Processing a risk event
Azure AD Identity Protection has three levels of administrator access.
Role | Able to do | not able to do |
Global Administrator | Full access to Azure AD Identity Protection, Onboard Azure AD Identity Protection | |
Security Administrator | Full access to Azure AD Identity Protection | Onboard Azure AD Identity Protection, reset passwords for a user |
Security Reader | Read-only access to Azure AD Identity Protection | Onboard Identity Protection, remediate users, configure policies, reset passwords |
The minimum level IT staff personnel need to process the security events and give back control to the end users, is to be assigned the Security Administrator role to gain access to Azure AD Identity Protection. Additionally, they need the User Administrator or Password Administrator role to reset passwords for affected users for them to regain access to the company resources.
In a event of a blocked user, the IT admin has two choices after reviewing the security events first for the affected user.

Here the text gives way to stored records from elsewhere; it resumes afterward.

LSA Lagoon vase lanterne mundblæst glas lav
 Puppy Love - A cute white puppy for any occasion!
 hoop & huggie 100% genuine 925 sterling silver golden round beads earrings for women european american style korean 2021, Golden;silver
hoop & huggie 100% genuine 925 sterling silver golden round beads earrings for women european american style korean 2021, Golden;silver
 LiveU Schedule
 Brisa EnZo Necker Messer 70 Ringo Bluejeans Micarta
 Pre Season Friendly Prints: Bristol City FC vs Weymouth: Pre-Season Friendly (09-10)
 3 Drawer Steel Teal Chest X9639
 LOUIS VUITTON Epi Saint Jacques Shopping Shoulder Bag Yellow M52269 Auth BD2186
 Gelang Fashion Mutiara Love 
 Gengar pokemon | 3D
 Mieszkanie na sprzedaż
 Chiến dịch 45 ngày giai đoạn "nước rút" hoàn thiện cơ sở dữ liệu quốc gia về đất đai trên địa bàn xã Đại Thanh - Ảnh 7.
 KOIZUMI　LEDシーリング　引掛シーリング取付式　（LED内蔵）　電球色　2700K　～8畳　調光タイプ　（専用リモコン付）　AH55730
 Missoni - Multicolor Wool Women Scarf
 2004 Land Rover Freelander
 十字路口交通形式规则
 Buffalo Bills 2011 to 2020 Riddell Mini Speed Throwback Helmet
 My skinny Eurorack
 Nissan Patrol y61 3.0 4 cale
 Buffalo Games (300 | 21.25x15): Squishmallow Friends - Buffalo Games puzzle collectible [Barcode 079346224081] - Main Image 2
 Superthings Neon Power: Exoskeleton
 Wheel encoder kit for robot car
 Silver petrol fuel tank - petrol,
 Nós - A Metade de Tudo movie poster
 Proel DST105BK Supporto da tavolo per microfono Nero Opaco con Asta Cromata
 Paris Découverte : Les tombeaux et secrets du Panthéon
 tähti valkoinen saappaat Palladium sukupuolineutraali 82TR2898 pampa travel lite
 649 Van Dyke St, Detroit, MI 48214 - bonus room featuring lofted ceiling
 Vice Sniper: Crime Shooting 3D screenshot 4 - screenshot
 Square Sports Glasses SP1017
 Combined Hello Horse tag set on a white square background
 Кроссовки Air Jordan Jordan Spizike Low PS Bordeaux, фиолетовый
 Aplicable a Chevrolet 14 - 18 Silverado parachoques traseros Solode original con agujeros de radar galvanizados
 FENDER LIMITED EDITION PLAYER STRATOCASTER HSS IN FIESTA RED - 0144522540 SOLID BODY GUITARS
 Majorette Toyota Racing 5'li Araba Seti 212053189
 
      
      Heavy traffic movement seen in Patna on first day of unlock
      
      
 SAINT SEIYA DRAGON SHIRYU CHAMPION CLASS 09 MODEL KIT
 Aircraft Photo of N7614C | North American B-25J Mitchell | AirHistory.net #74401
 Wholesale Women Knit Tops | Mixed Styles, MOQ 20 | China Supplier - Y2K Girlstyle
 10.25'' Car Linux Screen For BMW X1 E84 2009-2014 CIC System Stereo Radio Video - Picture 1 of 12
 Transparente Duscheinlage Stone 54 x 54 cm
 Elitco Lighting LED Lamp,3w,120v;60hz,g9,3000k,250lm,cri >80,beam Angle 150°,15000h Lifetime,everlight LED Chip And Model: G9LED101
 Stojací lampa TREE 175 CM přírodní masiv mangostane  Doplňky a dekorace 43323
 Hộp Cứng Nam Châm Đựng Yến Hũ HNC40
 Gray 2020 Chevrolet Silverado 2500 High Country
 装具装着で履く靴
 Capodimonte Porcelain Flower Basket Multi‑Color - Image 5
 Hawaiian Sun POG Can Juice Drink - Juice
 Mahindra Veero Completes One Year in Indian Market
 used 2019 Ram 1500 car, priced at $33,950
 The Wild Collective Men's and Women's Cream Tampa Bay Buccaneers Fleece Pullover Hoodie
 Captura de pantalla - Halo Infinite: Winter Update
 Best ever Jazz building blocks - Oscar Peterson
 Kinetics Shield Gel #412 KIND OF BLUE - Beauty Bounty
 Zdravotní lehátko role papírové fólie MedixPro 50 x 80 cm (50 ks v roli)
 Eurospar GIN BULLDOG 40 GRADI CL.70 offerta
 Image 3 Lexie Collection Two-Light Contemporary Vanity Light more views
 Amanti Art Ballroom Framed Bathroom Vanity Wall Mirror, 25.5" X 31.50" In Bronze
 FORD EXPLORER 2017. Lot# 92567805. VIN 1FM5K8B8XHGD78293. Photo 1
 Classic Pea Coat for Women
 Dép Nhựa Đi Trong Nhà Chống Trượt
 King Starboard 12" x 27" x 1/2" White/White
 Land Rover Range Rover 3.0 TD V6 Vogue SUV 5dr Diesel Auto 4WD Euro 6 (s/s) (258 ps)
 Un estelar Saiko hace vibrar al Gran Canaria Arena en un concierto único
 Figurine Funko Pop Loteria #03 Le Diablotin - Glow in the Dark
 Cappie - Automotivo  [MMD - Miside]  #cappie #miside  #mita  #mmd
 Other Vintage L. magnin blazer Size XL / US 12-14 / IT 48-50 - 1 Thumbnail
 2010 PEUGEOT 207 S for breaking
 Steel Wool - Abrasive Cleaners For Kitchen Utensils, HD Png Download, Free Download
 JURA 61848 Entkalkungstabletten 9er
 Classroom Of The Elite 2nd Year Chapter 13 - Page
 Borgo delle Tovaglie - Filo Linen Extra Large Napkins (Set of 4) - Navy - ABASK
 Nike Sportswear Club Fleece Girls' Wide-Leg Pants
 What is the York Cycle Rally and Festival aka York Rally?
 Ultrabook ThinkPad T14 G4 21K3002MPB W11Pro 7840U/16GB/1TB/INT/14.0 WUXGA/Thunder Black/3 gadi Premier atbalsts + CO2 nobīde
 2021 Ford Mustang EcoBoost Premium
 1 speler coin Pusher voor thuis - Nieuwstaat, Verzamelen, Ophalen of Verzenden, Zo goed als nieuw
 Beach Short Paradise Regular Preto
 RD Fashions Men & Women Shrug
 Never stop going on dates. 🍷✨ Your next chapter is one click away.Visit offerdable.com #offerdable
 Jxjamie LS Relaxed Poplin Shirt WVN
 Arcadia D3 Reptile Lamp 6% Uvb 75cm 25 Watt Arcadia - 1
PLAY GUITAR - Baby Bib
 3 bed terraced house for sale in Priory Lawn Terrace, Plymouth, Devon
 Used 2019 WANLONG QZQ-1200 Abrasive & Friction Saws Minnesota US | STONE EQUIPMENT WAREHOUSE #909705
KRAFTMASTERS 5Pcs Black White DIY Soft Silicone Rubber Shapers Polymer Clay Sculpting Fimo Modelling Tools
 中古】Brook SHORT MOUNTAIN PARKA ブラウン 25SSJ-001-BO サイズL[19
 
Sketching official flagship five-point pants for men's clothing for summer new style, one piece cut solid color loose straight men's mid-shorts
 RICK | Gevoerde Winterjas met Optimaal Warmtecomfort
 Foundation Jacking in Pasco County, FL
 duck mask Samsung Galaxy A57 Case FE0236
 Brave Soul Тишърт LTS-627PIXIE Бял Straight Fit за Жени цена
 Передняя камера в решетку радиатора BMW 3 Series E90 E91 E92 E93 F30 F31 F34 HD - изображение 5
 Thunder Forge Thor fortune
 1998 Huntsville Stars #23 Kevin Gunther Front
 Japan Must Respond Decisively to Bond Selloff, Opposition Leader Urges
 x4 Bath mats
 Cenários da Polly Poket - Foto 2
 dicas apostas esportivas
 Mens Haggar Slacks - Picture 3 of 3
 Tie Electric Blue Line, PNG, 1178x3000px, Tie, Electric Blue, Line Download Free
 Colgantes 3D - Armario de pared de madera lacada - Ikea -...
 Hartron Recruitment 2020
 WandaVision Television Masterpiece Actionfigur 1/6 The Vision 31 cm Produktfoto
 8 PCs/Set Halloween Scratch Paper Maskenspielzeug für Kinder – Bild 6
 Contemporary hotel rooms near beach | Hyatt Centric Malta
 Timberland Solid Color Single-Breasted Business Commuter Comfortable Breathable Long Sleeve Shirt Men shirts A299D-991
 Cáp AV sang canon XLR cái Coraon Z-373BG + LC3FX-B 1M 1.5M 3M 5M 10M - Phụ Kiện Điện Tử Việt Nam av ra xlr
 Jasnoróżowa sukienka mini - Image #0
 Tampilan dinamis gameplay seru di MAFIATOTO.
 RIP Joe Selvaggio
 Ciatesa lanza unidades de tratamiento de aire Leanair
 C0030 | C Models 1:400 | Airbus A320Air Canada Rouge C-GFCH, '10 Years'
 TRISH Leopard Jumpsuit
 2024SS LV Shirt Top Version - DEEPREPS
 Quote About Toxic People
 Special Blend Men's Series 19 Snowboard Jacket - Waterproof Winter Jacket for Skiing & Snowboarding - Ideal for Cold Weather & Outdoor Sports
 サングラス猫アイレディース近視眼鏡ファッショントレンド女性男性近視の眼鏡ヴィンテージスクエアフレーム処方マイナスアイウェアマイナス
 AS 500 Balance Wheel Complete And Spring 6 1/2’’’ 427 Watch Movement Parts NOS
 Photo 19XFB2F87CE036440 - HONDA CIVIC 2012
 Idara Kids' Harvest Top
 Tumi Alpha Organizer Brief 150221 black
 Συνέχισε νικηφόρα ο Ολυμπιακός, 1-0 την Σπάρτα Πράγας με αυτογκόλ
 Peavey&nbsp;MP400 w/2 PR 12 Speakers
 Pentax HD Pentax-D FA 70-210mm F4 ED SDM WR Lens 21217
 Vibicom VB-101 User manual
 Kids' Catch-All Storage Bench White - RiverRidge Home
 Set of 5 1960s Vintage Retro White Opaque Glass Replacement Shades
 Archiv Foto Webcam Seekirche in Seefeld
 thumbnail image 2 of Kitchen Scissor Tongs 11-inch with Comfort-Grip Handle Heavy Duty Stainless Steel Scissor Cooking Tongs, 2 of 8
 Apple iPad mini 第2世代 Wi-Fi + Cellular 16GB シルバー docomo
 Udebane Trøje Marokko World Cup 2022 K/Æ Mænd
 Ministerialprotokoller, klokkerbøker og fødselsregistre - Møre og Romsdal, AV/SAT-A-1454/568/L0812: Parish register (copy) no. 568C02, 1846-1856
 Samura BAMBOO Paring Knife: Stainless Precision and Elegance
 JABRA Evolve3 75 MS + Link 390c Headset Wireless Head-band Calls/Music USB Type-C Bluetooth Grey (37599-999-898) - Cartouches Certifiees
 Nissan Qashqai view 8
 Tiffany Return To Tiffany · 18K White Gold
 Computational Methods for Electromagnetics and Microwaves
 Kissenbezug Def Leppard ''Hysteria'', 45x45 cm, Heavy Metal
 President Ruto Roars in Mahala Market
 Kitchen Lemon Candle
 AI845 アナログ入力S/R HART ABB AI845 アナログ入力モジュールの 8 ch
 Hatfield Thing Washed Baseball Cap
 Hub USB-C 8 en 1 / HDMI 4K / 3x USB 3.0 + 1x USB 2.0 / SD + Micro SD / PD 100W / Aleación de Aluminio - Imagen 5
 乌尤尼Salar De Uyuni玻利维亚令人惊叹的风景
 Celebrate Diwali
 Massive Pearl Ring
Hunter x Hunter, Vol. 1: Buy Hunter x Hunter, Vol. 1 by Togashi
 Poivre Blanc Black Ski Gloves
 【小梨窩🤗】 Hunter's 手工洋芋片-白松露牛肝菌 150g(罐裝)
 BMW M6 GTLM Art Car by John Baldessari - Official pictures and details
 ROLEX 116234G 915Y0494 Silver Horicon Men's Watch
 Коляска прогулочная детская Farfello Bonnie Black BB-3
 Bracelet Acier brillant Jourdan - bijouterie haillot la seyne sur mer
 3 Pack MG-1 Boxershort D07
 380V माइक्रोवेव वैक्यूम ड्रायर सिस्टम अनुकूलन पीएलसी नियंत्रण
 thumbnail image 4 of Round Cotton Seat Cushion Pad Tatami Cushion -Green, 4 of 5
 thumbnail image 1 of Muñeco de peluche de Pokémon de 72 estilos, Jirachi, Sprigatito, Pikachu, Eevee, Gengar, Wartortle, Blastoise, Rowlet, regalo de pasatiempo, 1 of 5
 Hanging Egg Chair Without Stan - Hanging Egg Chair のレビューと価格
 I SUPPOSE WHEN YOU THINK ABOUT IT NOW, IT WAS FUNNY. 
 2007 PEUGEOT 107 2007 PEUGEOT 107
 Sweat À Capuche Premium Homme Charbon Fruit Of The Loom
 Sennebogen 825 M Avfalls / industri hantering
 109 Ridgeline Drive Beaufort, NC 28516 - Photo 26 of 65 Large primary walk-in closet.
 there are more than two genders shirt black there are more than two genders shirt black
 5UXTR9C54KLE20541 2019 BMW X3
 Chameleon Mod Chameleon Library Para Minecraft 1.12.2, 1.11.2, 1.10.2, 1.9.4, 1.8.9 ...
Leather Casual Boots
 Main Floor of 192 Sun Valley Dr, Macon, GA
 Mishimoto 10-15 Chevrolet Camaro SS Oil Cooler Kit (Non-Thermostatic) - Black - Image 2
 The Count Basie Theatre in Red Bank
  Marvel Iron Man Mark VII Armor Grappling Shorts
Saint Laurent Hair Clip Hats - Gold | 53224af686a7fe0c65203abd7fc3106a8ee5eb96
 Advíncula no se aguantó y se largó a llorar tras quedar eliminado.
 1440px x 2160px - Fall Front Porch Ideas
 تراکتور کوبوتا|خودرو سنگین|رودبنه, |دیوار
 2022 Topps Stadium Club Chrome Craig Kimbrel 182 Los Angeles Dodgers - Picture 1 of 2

- When the events are legitimate, they can force a reset of the user password and provide the end-user with the new temporary password.
- When event are false positives, they can mark them as such in the web portal, so Azure AD machine learning can learn from it and lower the security score of the end-user in the process.
A better approach
The information that Microsoft supplies in case of a high risk event is minimal for an end-user. He or she is not properly informed on what is going on and what steps to take.
From a service desk/IT staff perspective, the information alert mail doesn’t contain direct information. It is not directly useful to prioritize the event. To gather the actual information, the IT admin needs to login and lookup the event. This takes time. Depending on the workload, it may not always be visible straight away.
The combination of the above two experiences is that when an employee contacts the service desk, time is lost with troubleshooting, because the error is not properly shown from the end-user interface, unless when using a browser.
A solution here, would be an automation script that runs in the background and registers an incident in the ticket system and an event for SIEM, based on the employee information and give it a high priority. In addition to that, a separate e-mail can be sent to the security staff with more detail. Also a brief e-mail can be sent to the service desk to be informed that a user is blocked.
This way, service desk personnel can be properly informed and can even pro-actively contact the effected employees and guide them through the process.
Concluding
Don't waste valuable time troubleshooting risky sign-ins and high-risk events that block employee sign-ins. Get the pro-active edge.